What is being asked =
An exact copy of the lines, starting at the top of the listing and ending with the line that has "Axiom - A neetmare", is the required answer. Pictures are not part of it.

Data for this exercise =
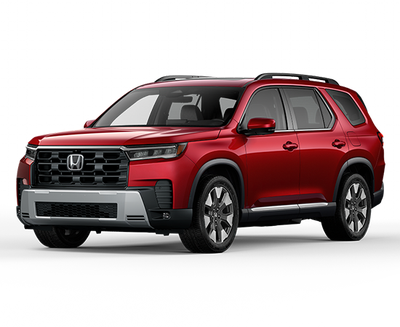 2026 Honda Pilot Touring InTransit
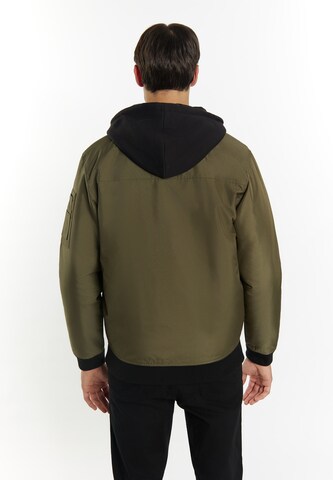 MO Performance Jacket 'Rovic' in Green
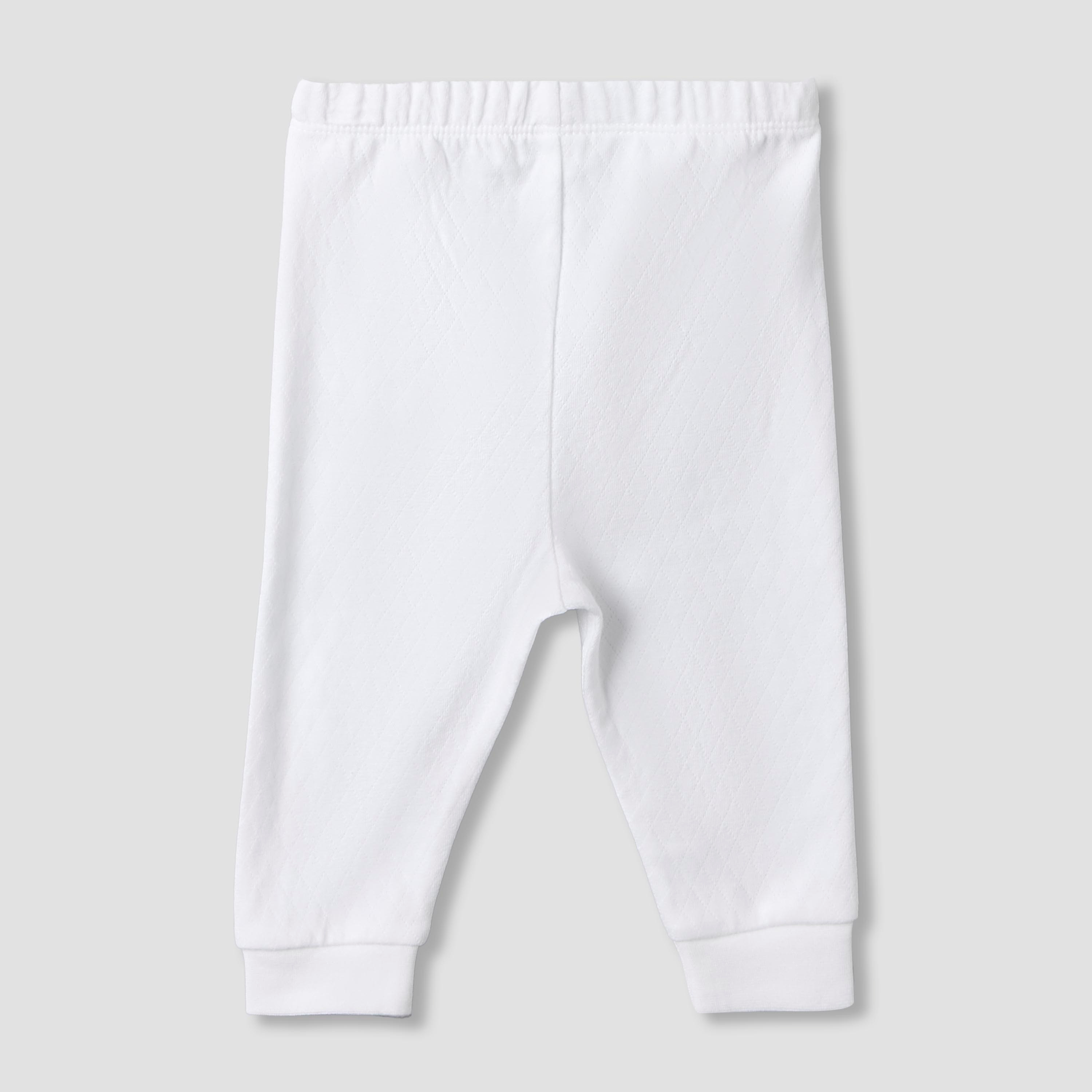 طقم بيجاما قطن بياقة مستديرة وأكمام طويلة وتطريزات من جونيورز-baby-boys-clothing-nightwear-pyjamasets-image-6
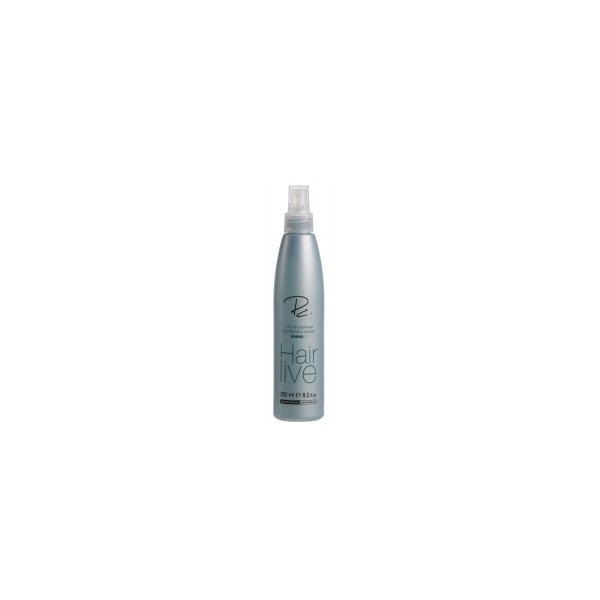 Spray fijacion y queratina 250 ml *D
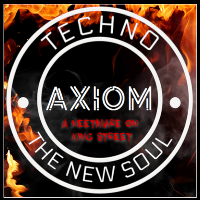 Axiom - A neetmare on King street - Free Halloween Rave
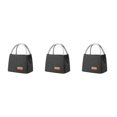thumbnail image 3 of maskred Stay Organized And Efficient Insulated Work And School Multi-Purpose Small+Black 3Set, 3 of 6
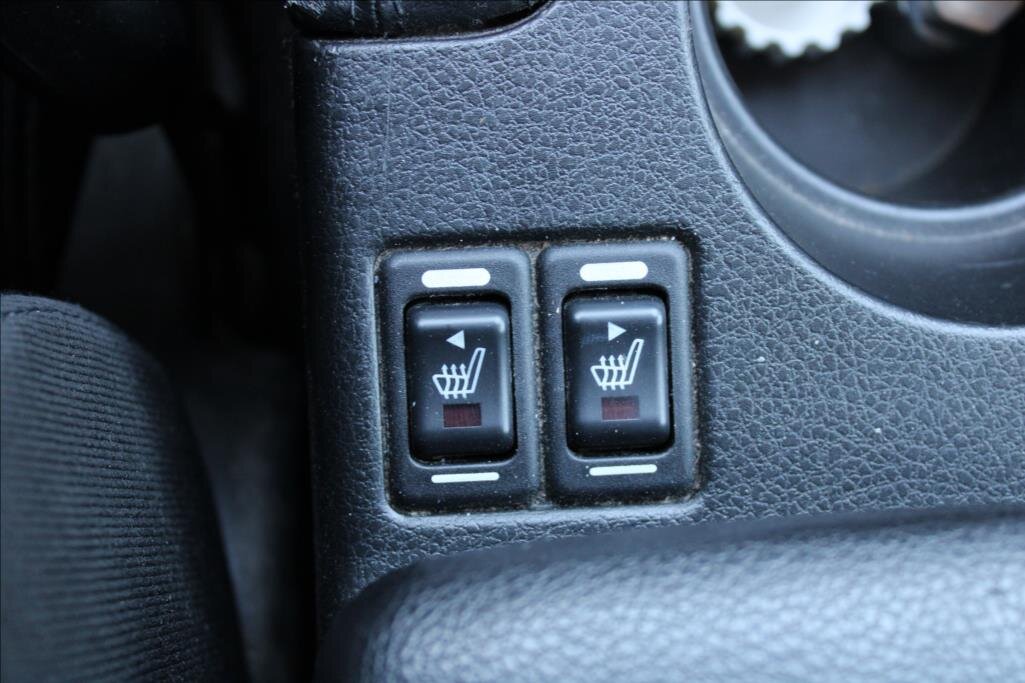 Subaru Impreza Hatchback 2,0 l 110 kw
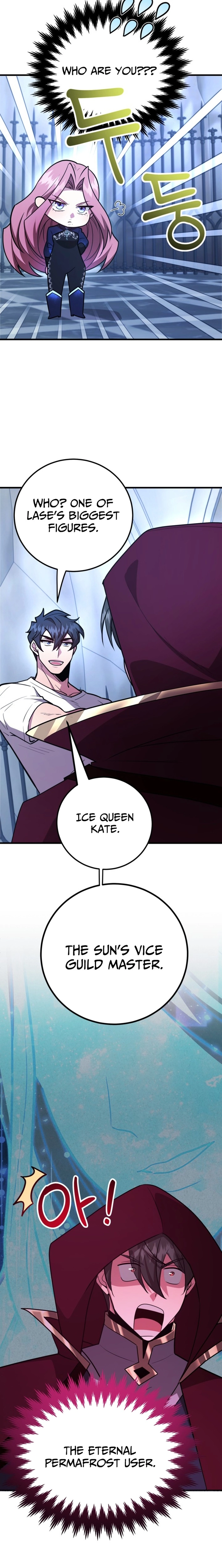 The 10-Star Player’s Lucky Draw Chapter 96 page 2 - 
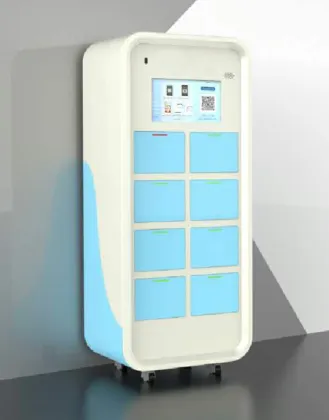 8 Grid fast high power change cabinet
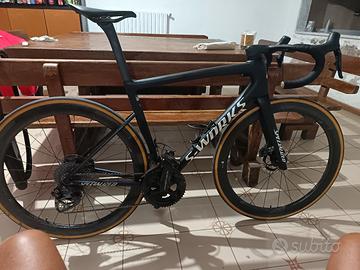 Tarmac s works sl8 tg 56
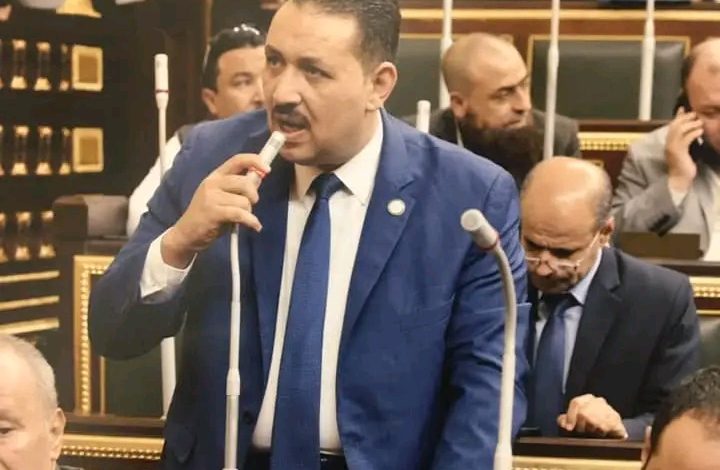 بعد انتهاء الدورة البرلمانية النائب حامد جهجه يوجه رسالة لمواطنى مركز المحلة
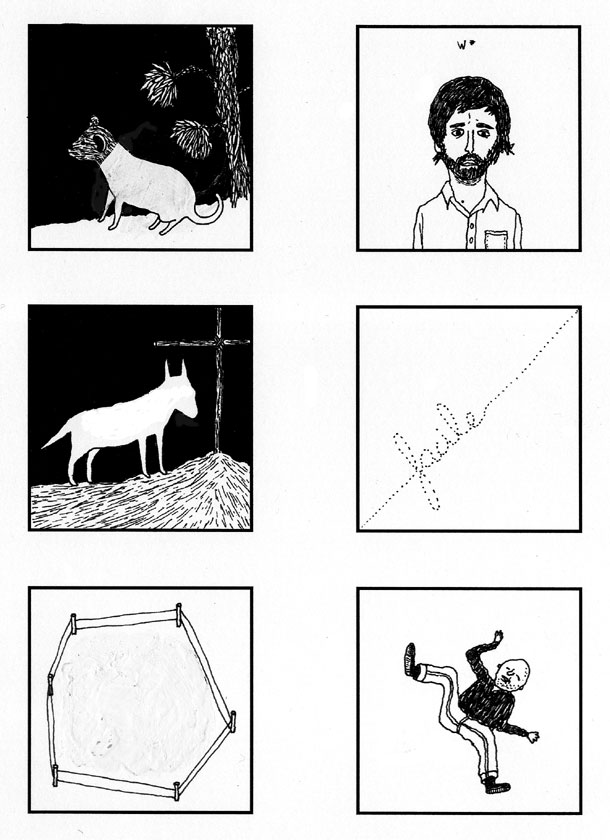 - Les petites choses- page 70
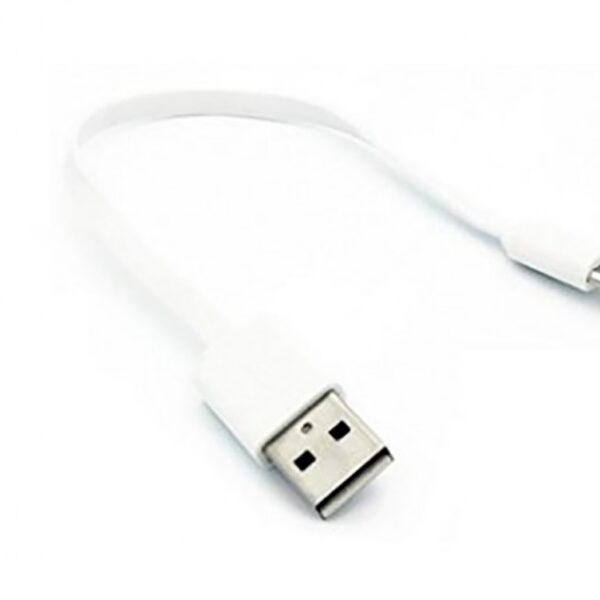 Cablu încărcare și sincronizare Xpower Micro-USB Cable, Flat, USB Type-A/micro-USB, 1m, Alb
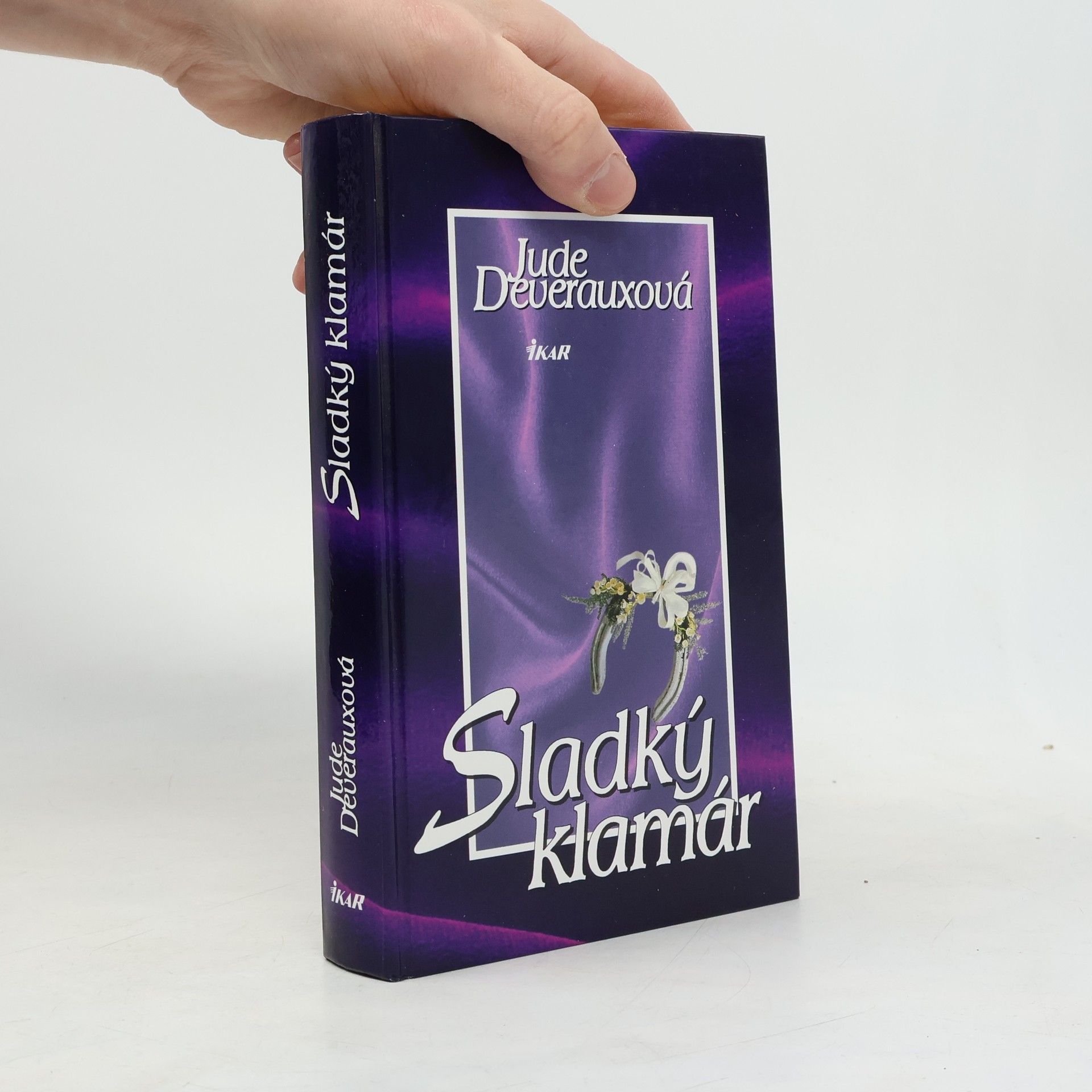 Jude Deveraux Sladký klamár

Result of this exercise =
 2026 Honda Pilot Touring InTransit
 MO Performance Jacket 'Rovic' in Green
 طقم بيجاما قطن بياقة مستديرة وأكمام طويلة وتطريزات من جونيورز-baby-boys-clothing-nightwear-pyjamasets-image-6
 Spray fijacion y queratina 250 ml *D
 Axiom - A neetmare on King street - Free Halloween Rave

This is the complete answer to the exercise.